What needs to be done
The text of every record, exactly as given and with no pictures, should be your output.

++++++++++

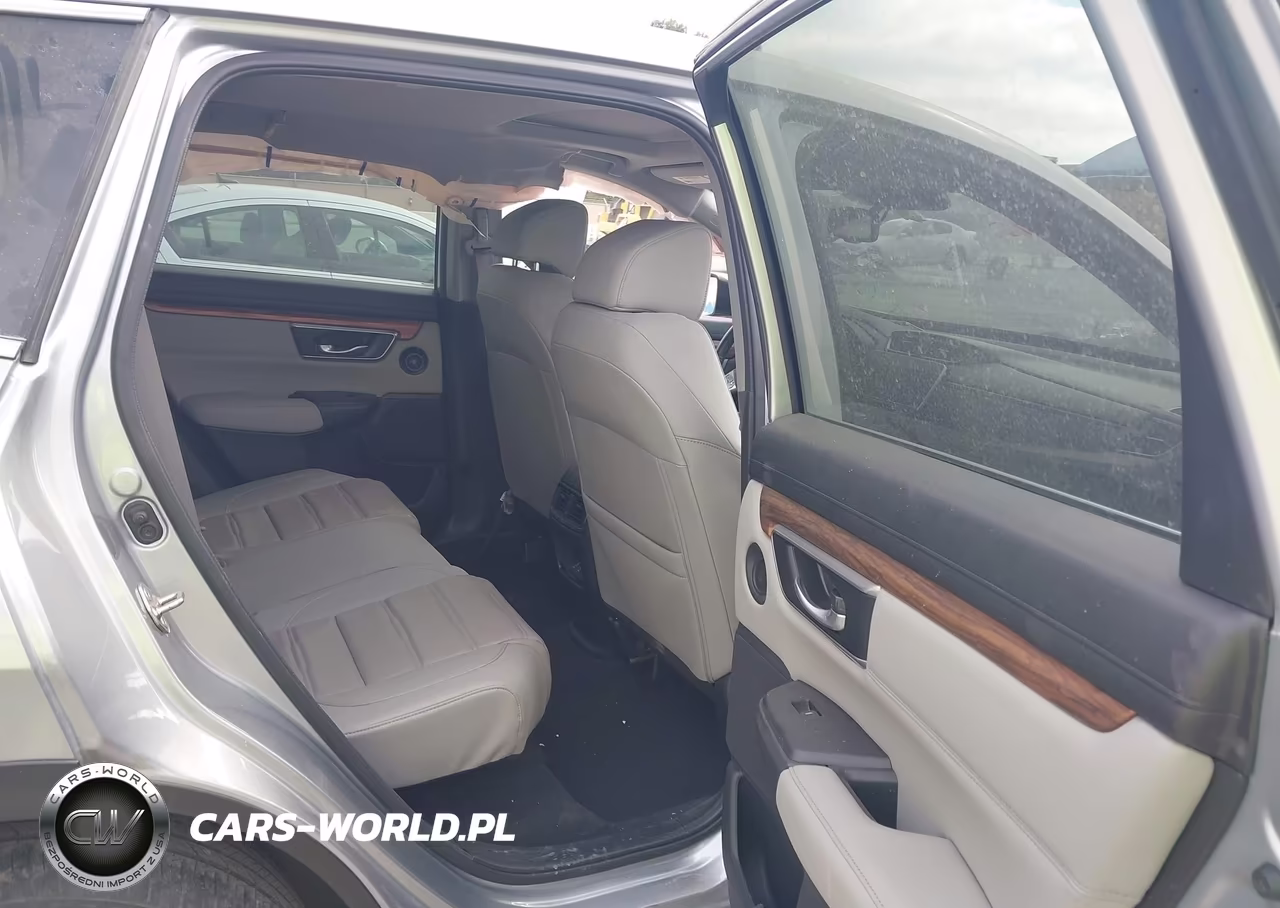 2018 Honda Cr-V Ex-L-Ex-L Navi VIN:5J6RW1H88JA010481 - 8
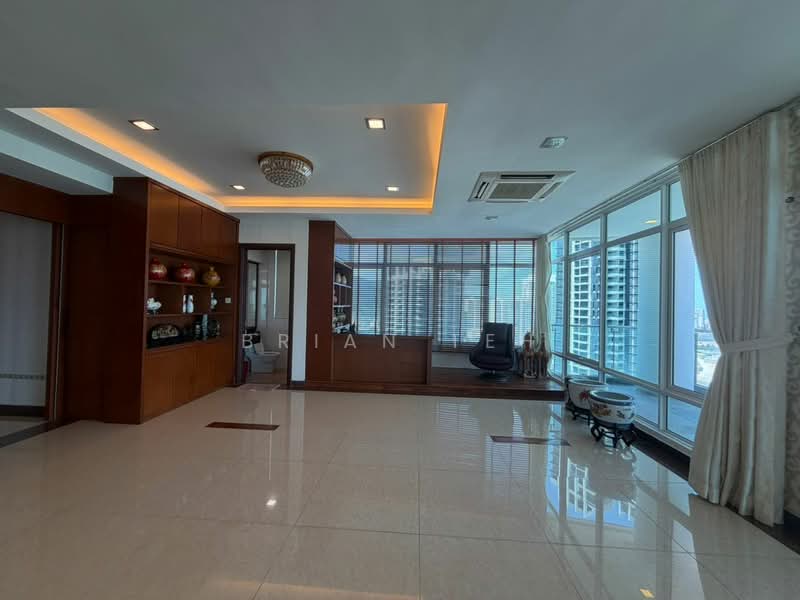 H Residence (One Ritz Residence / Kelawai View) untuk Untuk Disewa - RM 12,000 /bulan, Mac 2026 - Living Room - PropertyGuru.com.my
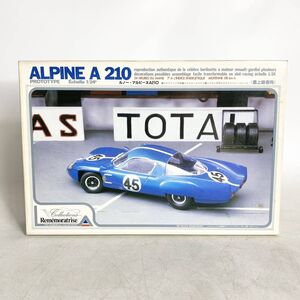 未組立 ユニオン 1/24 ルノー・アルピーヌ A210 ALPINE プラモデル 最上級者向 UNION COLLECTIONS REMEMORATRISE MC12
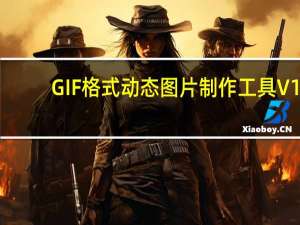 GIF格式动态图片制作工具 V1.0 绿色免费版（GIF格式动态图片制作工具 V1.0 绿色免费版功能简介）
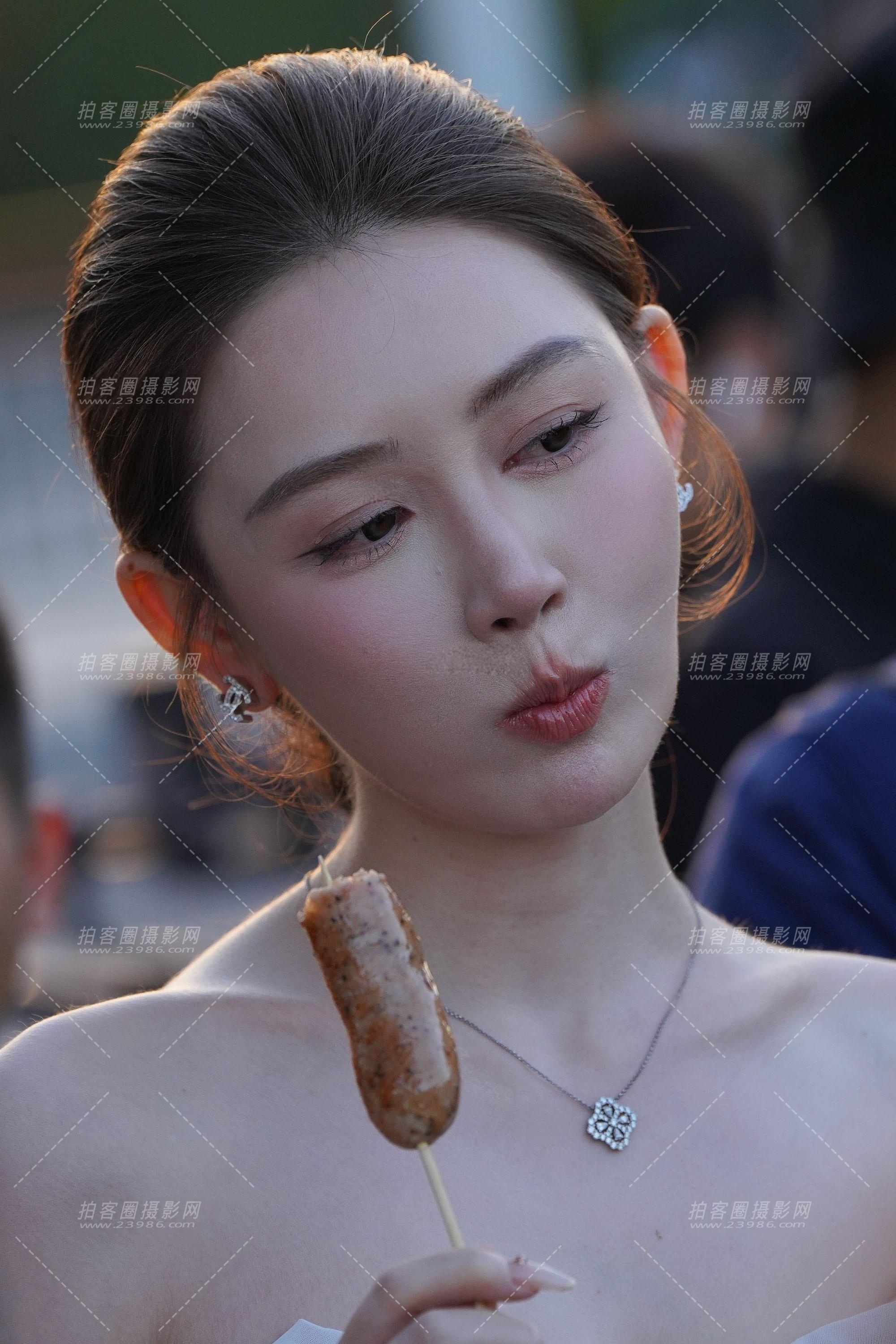 白裙初恋【原图+视频】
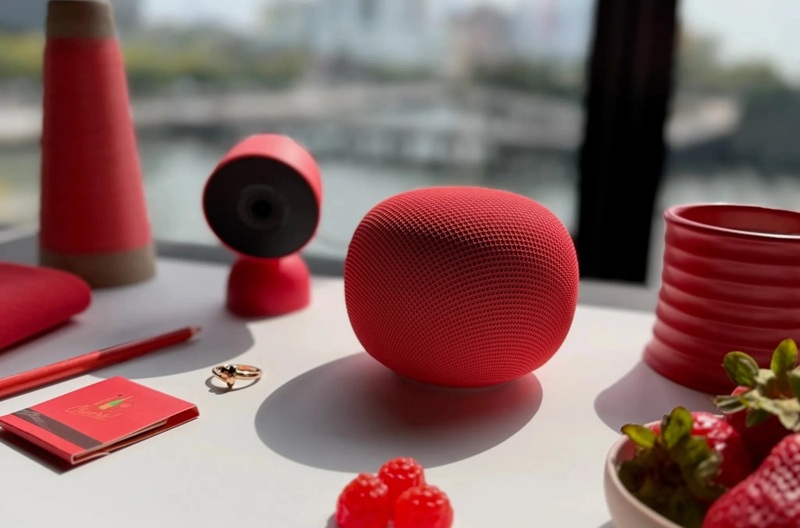 Google Home Speaker 2025 с управлением голосом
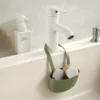 kf-S1766c4be04b74a3398a02004021557b4e Hanging Soap Sponge Holder, Double Draining Basket, Sink Storage Organizer,Bathroom Soap Shelf,Sink Drain Rack Kitchen Accessori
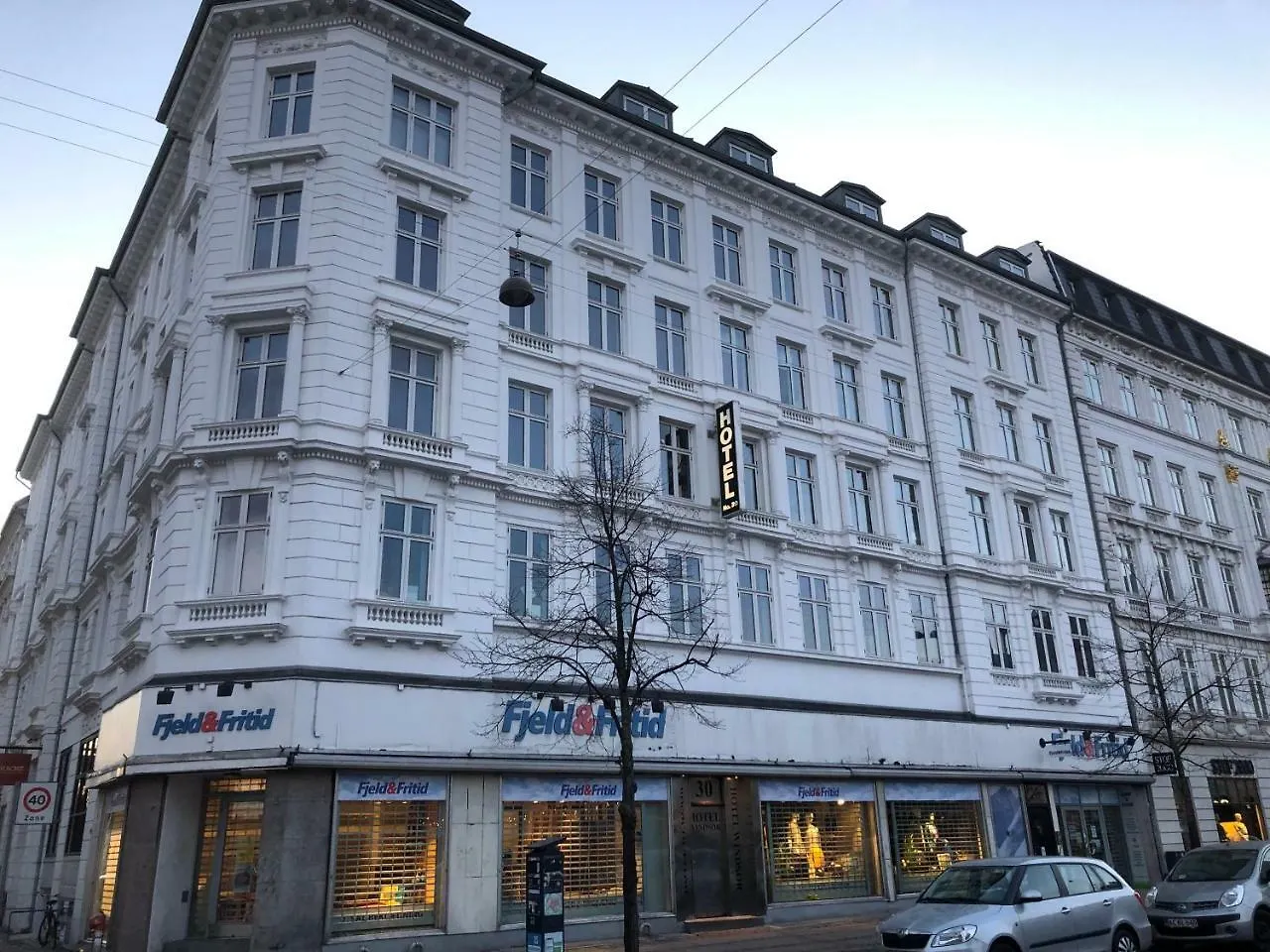 Hotel Windsor Kodaň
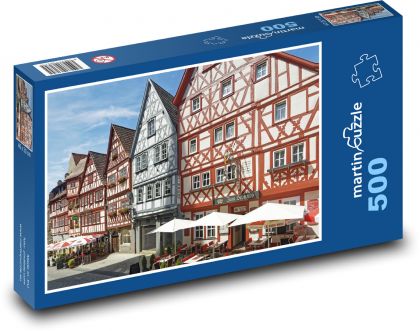 Niemcy - Bawaria - Puzzle 500 elementów, rozmiar 46x30 cm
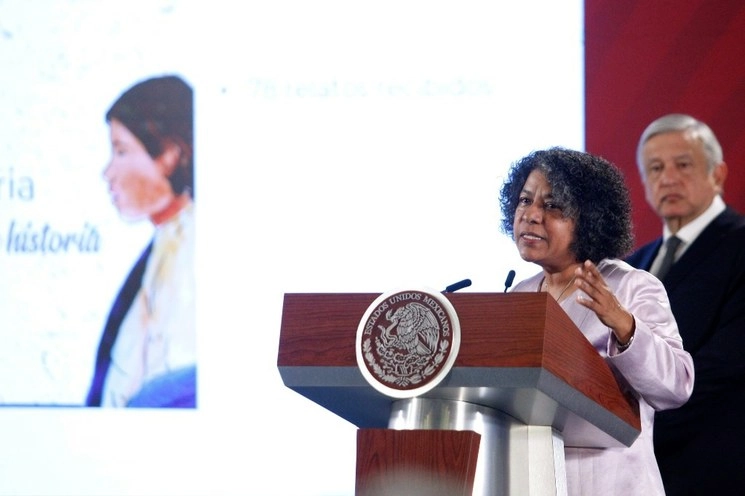 Candelaria Ochoa dejaría su cargo al frente de la Conavim el próximo 30 de junio. Foto LA JORNADA/Roberto García Ortiz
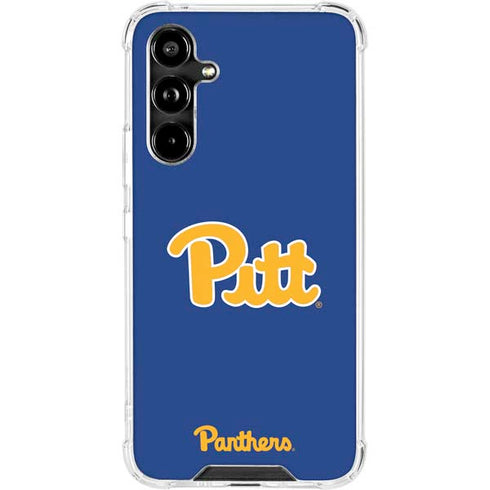 University of Pittsburgh Pitt Panthers Galaxy A54 5G Clear Case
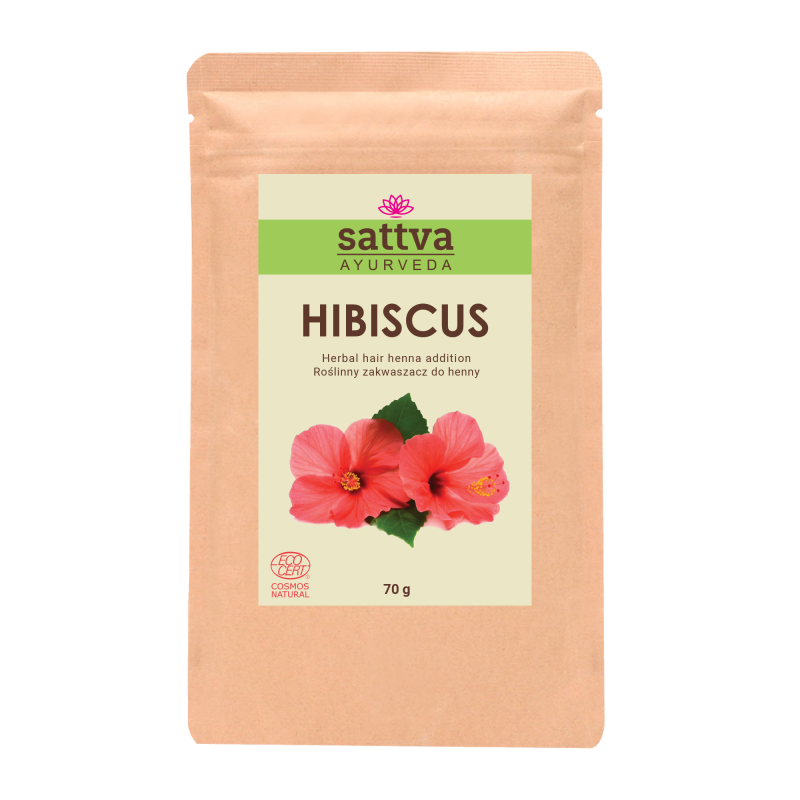Hibiscus hiuspuuteri, Sattva Ayurveda, 70g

++++++++++

Written response
 2018 Honda Cr-V Ex-L-Ex-L Navi VIN:5J6RW1H88JA010481 - 8
 H Residence (One Ritz Residence / Kelawai View) untuk Untuk Disewa - RM 12,000 /bulan, Mac 2026 - Living Room - PropertyGuru.com.my
 未組立 ユニオン 1/24 ルノー・アルピーヌ A210 ALPINE プラモデル 最上級者向 UNION COLLECTIONS REMEMORATRISE MC12
 GIF格式动态图片制作工具 V1.0 绿色免费版（GIF格式动态图片制作工具 V1.0 绿色免费版功能简介）
 白裙初恋【原图+视频】
 Google Home Speaker 2025 с управлением голосом
 kf-S1766c4be04b74a3398a02004021557b4e Hanging Soap Sponge Holder, Double Draining Basket, Sink Storage Organizer,Bathroom Soap Shelf,Sink Drain Rack Kitchen Accessori
 Hotel Windsor Kodaň
 Niemcy - Bawaria - Puzzle 500 elementów, rozmiar 46x30 cm
 Candelaria Ochoa dejaría su cargo al frente de la Conavim el próximo 30 de junio. Foto LA JORNADA/Roberto García Ortiz
 University of Pittsburgh Pitt Panthers Galaxy A54 5G Clear Case
Hibiscus hiuspuuteri, Sattva Ayurveda, 70g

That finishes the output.